Here’s a letter who blames the writer’s son’s problems on the fact that he was adopted from poverty into middle class:
I do not want to accuse, but are there ways in which you made him feel that he owed you something when he was a small boy? Did you want him to be grateful for your middle-class kindness? Did you make him feel he was this lower-class boy who had to earn your love and respect? I think we can make excuses for being unkind and unthoughtful, for not knowing how to love another human being who is different from us, even though we want to. I understand that race and class are huge issues for Salon readers. It is a way in which people define themselves morally. The truth is that we, as humans, are so much more alike than different. It seems to me that your son is searching for love and understanding by gravitating toward people who do not see him as Rafael, the adopted poverty boy from Guatemala. It sounds like he’s chosen a community of wounded young people (who may or may not be meth users) who are accepting because they speak a common language of abandonment by parents, adopted parents, society. The consequences for his children are tragic. If nothing else, you, as a grandparent, can do your very best to get them out of there, if need be.
Here’s another gem:
It’s strange, but in most cases the apples don’t fall that far from the tree. So how did her son turn out to be white trash? Lack of direction? Lack of discipline as a child? I could’ve gone that route when I was younger, but my parents were tough enough to steer me away from that kind of lifestyle. What went wrong here?
Nice.
This one says the boy is having problems because of the racist society (perpetuated by his white parents, I gather):
“A mother’s love” seems to have racist undertones. Never do you suggest that we are living in a racist and oppressive environment and that that may be the cause of Rafael’s struggle. Obviously you have read/support the “culture of entitlement vs. culture of constraint” thesis which argues that poor people/ people of color recreate their poverty all by themselves. And you are blameful of the poor. You think they should be sterilized? You should be angery at the system that is inadequate–a system that expoits the poor, the disabled, immigrants. This article is not about a mother’s love. A mother’s love is unconditional.
Oh boy.
Everything about these select letters makes me sad and annoyed and dismayed and really mad because they seem clear on the idea that it’s his mother’s fault that the kids is failing at life because if only she had loved him enough he would be doing ok.

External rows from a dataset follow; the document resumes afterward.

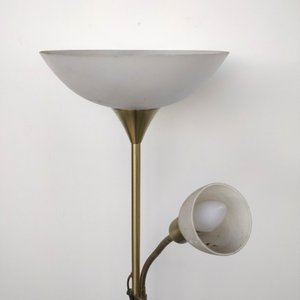 Lámpara de Pie Moderna Dorada con Doble Luz - imagen 3
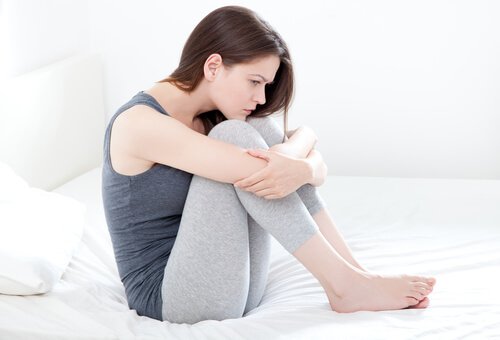 Chamomile and Parsley Remedy for an Absence of Menstruation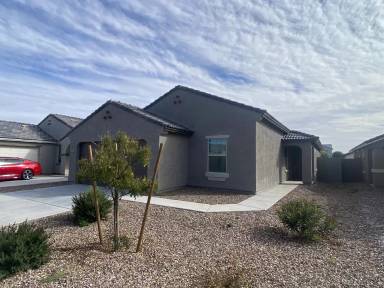 Main picture of 757 W Kingman Dr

Did they not read that the child was 9 when adopted and had had basically no way to communicate with other people? So not only was the child attachment challenged due to no home and no parents, but he couldn’t even communicate with the people he did have around him. He was helpless as a child and he’s helpless as an adult – and this is somehow his mother’s fault? She was supposed to undo the hard-wiring that the first 9 years of his life created?
I realize this is kind of a sad story for a blog entitled ‘Hoping to Adopt,’ but since prospective parents come in all shapes and sizes and are adopting children from all kinds of backgrounds, I think this should serve as a warning to people thinking of adopting – NOT that you should shy away from special needs children or older children (although you certainly should educate yourself before you consider this) – BUT that if your child is not perfect YOU will be blamed for it by people who don’t know you, or perhaps those that will. You need to develop a thick skin. You need to try to find pride in the ways you have parented your child well (which I think Tisdale has, based on her other writings about her family).
Love is sometimes not enough, no matter what we hope. But imagine the alternative for this child and for Tisdale if she had never adopted him. He would be living on the streets, perhaps? She would be without him, and those grandchildren. Nowhere in the article does she regret adopting him and nowhere does she take responsibility for how he’s made his choices as an adult. I actually think that makes her a very good mother.